The “you're the common denominator“ narrative.
Whilst a part of me can understand why people may use this, it can be very damaging because people do not follow logic the way math equations do. It’s saying to someone “if you are the constant in the problems then you must be the problem”... NO! Whilst sometimes this may be so, that’s not always the case! The “problem“ could actually be that everyone is so used to one way of thinking/being and making excuses for each other, that when someone comes and goes against the grain, there is a lot of friction. The inability of others to speak up, say their truth and own their BS is the actual problem in that case, not the person!
Why am I writing about this?
It's important for us all to be able to say out loud when we believe things are not right. It's important for us to protect children from things they will not be able to understand, our friends from things we do not believe are right, our family from other family members who you can see will cause harm. The life long and devastating effects that abuse in it's many different forms can cause are ones that can be avoided if we were able to just speak up and call out the BS as a start.
I have dealt with memory loss because my brain literally did all it could to protect me from the trauma I faced at a young age, anxiety because when it all did start coming back I was just a teen and had no idea what the heck was happening to me, depression because this one thing affected so many different aspects of me and I struggled to see my worth, PTSD - constant flashbacks, night sweats and tears because of that trauma and other things I have faced since. Am I healed and completely fine now? Definitely not, but I am far better than I used to be! I am able to open up (to an extent) and talk about it.
I want my daughter to live a life that isn't filled with fear like mine has been. The reason I write this is because I want her to have more than fear following her. More than pain as her shadow for half her life. More than disappointment from those that surround her and are meant to be there for her. Let's teach our boys (and men) to be better humans to the opposite sex and let's continue to teach our girls to be careful. Unfortunately we still have to teach these life saving lessons to the girls because there is a long way to go before we are even a shred better as a society.
What are you doing to help make things a little easier for the next generation of girls? For yourself? For people like me?
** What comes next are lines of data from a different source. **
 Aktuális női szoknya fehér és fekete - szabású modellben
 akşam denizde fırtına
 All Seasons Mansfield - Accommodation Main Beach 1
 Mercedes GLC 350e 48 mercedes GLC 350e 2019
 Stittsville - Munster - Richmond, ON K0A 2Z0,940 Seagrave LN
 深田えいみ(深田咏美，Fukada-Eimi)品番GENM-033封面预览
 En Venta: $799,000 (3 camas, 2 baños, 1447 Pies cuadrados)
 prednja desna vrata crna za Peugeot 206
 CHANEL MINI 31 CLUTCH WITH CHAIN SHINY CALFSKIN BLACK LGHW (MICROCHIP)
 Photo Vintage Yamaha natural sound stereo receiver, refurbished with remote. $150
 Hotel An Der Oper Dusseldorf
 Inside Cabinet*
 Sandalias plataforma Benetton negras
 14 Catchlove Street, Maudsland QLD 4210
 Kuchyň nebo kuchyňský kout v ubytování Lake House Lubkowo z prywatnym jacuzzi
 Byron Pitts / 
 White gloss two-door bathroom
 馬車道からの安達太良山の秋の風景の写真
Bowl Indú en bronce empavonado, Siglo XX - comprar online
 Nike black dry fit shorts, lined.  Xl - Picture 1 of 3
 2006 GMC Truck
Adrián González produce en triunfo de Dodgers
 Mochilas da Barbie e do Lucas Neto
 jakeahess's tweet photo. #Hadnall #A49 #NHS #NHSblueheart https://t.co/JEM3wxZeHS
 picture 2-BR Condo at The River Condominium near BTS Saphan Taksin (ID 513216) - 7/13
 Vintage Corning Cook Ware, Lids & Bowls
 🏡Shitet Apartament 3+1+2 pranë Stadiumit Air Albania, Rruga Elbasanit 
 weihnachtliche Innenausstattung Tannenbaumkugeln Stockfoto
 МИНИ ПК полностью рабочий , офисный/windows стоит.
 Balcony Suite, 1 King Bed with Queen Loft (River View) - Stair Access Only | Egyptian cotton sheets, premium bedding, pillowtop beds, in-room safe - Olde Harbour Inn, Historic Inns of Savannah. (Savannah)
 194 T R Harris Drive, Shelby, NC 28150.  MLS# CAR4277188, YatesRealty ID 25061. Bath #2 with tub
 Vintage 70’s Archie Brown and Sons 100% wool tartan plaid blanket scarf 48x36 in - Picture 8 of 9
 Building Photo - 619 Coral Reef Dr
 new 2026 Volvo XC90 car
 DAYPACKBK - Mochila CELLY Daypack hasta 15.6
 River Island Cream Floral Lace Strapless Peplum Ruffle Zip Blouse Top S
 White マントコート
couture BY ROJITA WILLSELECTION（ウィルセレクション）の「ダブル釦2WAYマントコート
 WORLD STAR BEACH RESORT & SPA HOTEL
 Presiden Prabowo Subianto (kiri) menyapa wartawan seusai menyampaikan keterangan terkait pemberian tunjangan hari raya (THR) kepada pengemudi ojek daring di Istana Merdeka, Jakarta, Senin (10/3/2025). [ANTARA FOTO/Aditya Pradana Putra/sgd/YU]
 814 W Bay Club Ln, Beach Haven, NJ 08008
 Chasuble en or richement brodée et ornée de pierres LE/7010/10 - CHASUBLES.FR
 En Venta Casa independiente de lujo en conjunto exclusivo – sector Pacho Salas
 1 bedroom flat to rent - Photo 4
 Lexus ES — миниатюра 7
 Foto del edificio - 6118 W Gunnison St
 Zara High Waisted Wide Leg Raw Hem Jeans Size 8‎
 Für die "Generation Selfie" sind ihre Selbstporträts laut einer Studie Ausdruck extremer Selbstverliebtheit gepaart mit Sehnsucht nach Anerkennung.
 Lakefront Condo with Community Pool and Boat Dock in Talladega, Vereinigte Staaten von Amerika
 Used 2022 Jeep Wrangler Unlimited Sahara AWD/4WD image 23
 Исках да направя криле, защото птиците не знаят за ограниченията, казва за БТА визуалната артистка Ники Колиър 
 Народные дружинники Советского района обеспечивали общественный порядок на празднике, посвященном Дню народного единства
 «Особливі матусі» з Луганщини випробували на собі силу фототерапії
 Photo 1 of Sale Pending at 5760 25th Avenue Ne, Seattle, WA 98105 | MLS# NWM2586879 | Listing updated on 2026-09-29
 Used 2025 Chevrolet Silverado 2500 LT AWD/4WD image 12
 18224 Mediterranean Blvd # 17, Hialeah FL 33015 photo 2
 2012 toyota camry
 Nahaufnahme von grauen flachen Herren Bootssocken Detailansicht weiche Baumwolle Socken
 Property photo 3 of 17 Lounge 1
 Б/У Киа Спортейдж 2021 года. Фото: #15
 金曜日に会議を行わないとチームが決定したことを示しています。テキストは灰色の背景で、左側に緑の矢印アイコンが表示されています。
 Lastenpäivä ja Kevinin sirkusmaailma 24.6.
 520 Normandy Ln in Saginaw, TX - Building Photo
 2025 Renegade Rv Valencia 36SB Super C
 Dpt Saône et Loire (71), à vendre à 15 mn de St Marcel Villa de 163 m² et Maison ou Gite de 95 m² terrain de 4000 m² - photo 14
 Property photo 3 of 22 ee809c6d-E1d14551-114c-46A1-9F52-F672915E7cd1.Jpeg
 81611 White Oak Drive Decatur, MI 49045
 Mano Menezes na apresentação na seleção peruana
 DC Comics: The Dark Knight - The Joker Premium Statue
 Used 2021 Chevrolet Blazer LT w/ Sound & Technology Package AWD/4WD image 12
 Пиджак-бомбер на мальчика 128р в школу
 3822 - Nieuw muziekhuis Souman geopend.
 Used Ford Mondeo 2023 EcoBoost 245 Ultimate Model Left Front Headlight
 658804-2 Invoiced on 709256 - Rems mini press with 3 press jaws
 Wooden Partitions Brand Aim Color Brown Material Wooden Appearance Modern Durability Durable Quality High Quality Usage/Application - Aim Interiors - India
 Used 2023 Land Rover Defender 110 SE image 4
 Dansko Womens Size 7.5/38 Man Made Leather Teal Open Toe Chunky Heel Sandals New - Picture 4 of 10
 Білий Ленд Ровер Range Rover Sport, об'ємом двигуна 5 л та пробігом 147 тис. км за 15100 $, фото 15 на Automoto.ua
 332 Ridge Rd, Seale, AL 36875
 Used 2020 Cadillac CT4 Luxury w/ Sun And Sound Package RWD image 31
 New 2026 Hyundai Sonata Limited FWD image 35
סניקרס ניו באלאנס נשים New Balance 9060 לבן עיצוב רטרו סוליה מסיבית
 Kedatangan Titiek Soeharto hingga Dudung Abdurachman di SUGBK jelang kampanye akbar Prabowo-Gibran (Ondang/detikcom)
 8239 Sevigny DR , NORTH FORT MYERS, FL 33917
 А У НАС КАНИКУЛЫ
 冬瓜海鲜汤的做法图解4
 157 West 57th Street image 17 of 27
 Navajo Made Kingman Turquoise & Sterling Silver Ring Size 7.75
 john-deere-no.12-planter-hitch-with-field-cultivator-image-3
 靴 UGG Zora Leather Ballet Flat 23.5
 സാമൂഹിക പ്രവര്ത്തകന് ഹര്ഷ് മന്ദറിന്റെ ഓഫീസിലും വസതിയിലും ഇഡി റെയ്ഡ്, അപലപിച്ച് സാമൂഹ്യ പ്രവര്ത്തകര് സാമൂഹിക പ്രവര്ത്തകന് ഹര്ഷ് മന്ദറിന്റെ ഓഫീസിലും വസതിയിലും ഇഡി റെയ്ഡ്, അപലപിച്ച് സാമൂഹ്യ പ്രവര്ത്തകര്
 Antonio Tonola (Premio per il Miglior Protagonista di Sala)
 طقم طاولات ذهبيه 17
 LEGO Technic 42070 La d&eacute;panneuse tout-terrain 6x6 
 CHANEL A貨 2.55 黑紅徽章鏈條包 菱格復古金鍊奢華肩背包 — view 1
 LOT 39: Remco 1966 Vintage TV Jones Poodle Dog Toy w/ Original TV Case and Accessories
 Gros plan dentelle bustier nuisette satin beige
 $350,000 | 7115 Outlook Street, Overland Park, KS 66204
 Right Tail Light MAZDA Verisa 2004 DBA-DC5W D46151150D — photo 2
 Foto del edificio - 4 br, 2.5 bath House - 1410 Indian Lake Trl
Reading your story. and how the trauma affected you. I cant help but draw similar feelings Ive had with my own trauma. We are not alone! Girls,women have gone through so much. its time to speak up and protect our baby girls because not every uncle, cousin, step dad has good intentions and never will i be caught with my guard down when it comes to my daughter. Ive been there and i would never ever want her to feel like she is alone. thank you for sharing your story! You have no idea how this has helped!